A note on rigor: an earlier version of this measurement scanned for detections over a wider epoch window than the one the FPR threshold was calibrated on, which let pre-onset windows artificially deflate the soft TTD (we'd reported 0.28 epochs). After aligning the scan and calibration windows — flagged in review on the PR — the honest figure is 2.13 epochs. Still a ~5× speedup, just not a magic one.

Result 3: Market-level adverse selection

Toxicity is a per-agent detector. Quality-gap and conditional-loss are selection metrics — they compare accepted vs rejected interactions across a quality mixture, so they're only well-posed at the market level, not per agent. There, the soft version reads a real adverse-selection signal while the binary version flattens to noise:

metric variant br=0.05 br=0.10 br=0.20 br=0.35 br=0.50
quality_gap soft −0.106 −0.100 −0.085 −0.066 −0.048
quality_gap binary 0.000 0.001 0.001 0.004 0.003
conditional_loss soft −0.021 −0.019 −0.015 −0.011 −0.007
conditional_loss binary 0.000 0.000 0.000 0.001 0.000

Market adverse selection

The soft quality-gap is consistently negative (the signature of adverse selection — lower-quality interactions preferentially accepted), strongest in the rare-adversary regime. Its binary twin reads ~0.00 everywhere: once you threshold, accepted and rejected look identical because the gamed agents all sit on the "accept" side of the line.

Result 4: Calibration

Finally, how much predictive resolution does thresholding actually destroy? We score the soft probability p against ground-truth outcomes versus its hard-thresholded twin 1{p ≥ τ\*}:

Brier ECE
soft 0.151 0.054
binary 0.183 0.183

Calibration

The binary prediction's expected calibration error equals its Brier-style miss because a 0/1 prediction is maximally overconfident — it claims certainty it doesn't have. The soft probability stays well-calibrated (ECE 0.054).

Why this matters

The headline isn't "soft labels are better" in the abstract. It's that the specific failure mode of modern self-optimizing agents — gaming the acceptance signal while real quality decays — is invisible to threshold-counting detectors by construction, and visible to distributional ones. If your safety monitoring collapses a calibrated probability to a pass/fail bit, you are throwing away exactly the signal that catches the agents you most want to catch, and you find out ~5× slower when you do catch them.

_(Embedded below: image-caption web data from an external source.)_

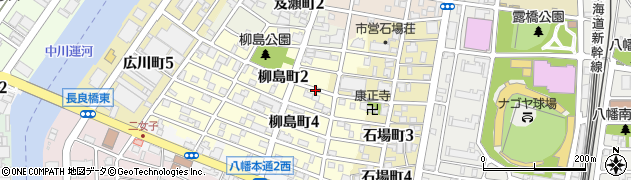 愛知県名古屋市中川区柳島町2丁目周辺の地図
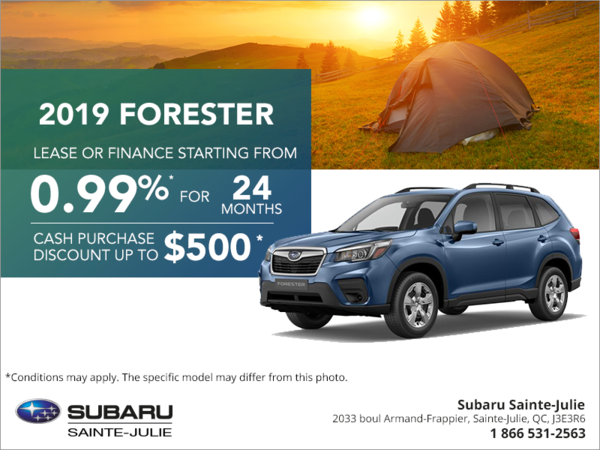 Get the 2019 Forester!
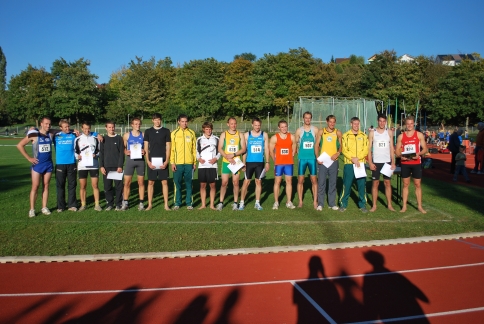 Siegerehrung 10-Kampf M&auml;nner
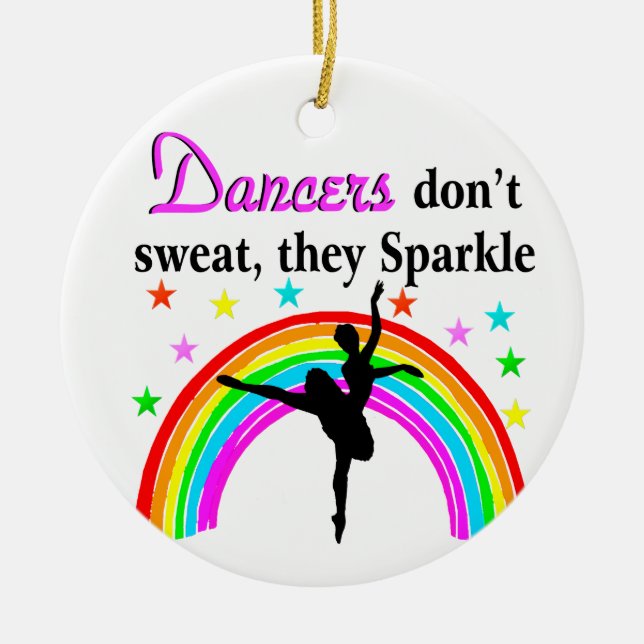 ORNAMENTO DE CERÂMICA ELEGANTE DANCER (Frente)
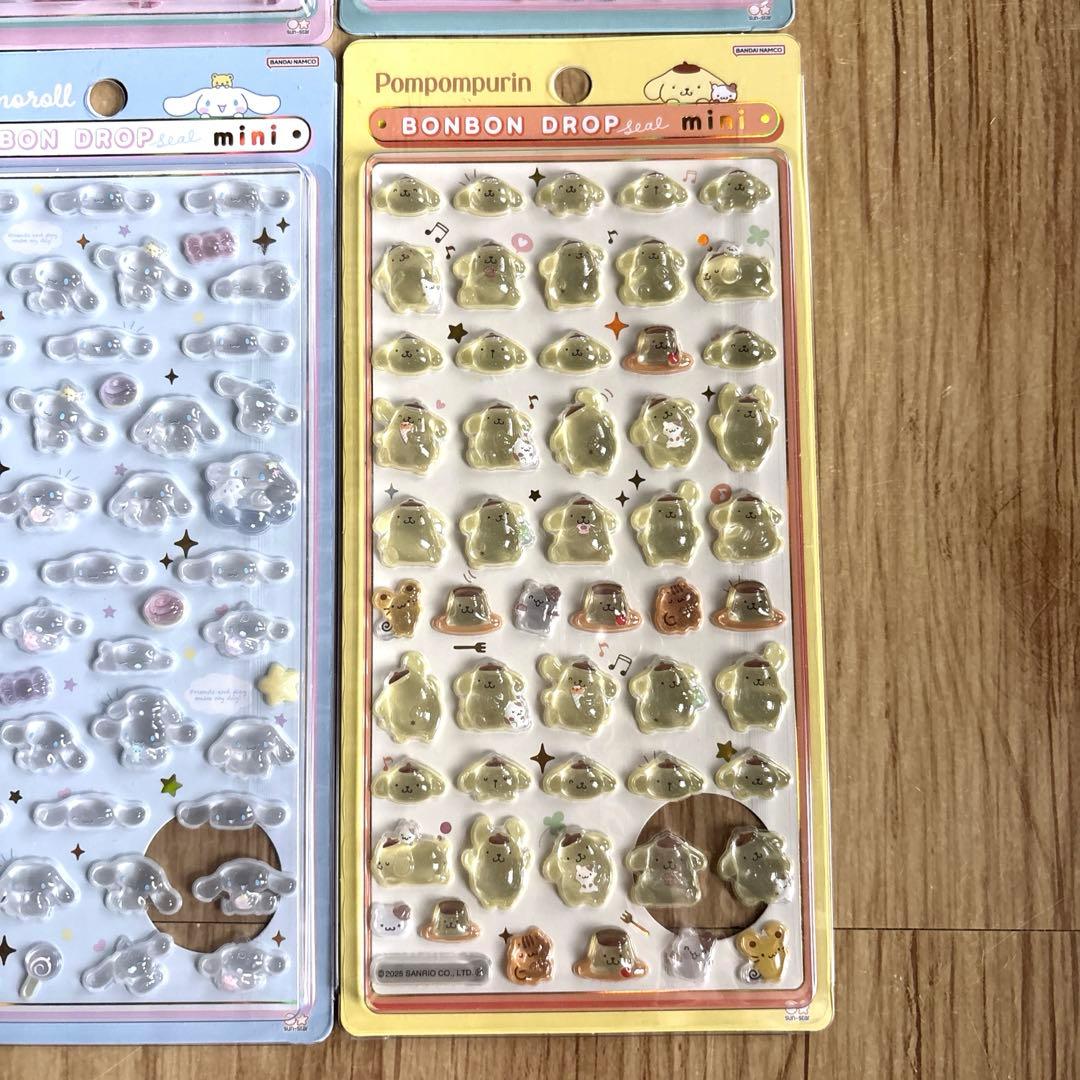 ❤️正規品❤️新品未使用❤️ボンボンドロップシール ミニ サンリオ 6枚セット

Everything here is reproducible:

PYTHONPATH=. python experiments/run_detection_experiment.py          # 5 base rates × 10 seeds
PYTHONPATH=. python experiments/run_detection_experiment.py --smoke  # quick

The full detection module, matched detectors, generative model, and 20 tests landed in PR #450.


Disclaimer: This post uses financial market concepts as analogies for AI safety research. Nothing here constitutes financial advice, investment recommendations, or endorsement of any trading strategy.